Weekly Quaker Meeting for Worship is required. “Meeting,” as it is often known,  is a deceptively simple experience. Community members enter the Meeting House — a building with no religious symbols or decoration — in silence. As people settle into quiet reflection, they discover an oasis away from the noise and motion of life. There is no pastor or sermon, as Quakers believe that individuals do not need an intermediary between themselves and the Divine, and that all have access to God and to Truth. Sometimes a person gains insight from the shared silence and is moved to communicate it with the group by rising and speaking. It is through this silence, even because of it, that those of any faith can worship in this setting.

Quakers believe there is that of God within every person. This is demonstrated in Westtown classrooms as teachers nurture the best in each child, and children accept and respect one another. Students feel seen and heard, their gifts and talents fostered. Because of the basic premise that the inner light exists in us all, everyone’s contributions are both valued and expected.

Our graduates come away with the sense that their education has been a shared endeavor among themselves, their peers, and their teachers. In discussion-based, seminar-style classes, Westtown students encounter open-mindedness and the space to exercise critical thinking skills.

Quaker education at Westtown means students are empowered to agents of change. Students’ worldviews are expanded by deep explorations of a multiplicity of voices in history, literature, religion, and art. They consider issues of peace and war, racism, injustice and law, violence and nonviolence, ethics, and the environment. They are challenged to see their own place in these issues and in the world. They are encouraged to use their talents and enthusiasm to seek solutions for a just and compassionate future. Our students develop a strong sense of social justice and the courage to act with confidence, conscience, and conviction.

The Quaker belief of the “Inner Light” or that of God in each of us creates an atmosphere of acceptance and openness. Students are led by example not only to respect the identities, perspectives, and talents of others in the community but also to learn from them.

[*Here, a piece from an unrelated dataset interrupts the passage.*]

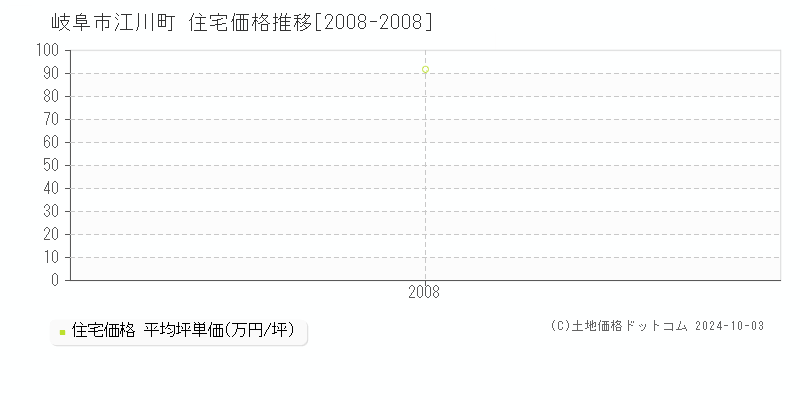 江川町(岐阜市)の住宅価格推移グラフ(坪単価)[2008-2008年]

Westtown is culturally, religiously, racially, ethnically, and socio-economically diverse and we are deeply enriched by this diversity.

When asked about Westtown’s greatest strengths, young alums often talk about the quality of the academic program and a profound sense of community. Being a responsible and active member of one’s community is fostered even from the youngest grades. Service learning and volunteerism, the Work Program, and a curricular focus on respect for others, personal responsibility, and community throughout the divisions engenders a sense of responsibility toward – and belonging to – both the school community and the global community. Our boarding program sets Westtown apart as it challenges students to live, learn, and work together within a richly diverse residential setting.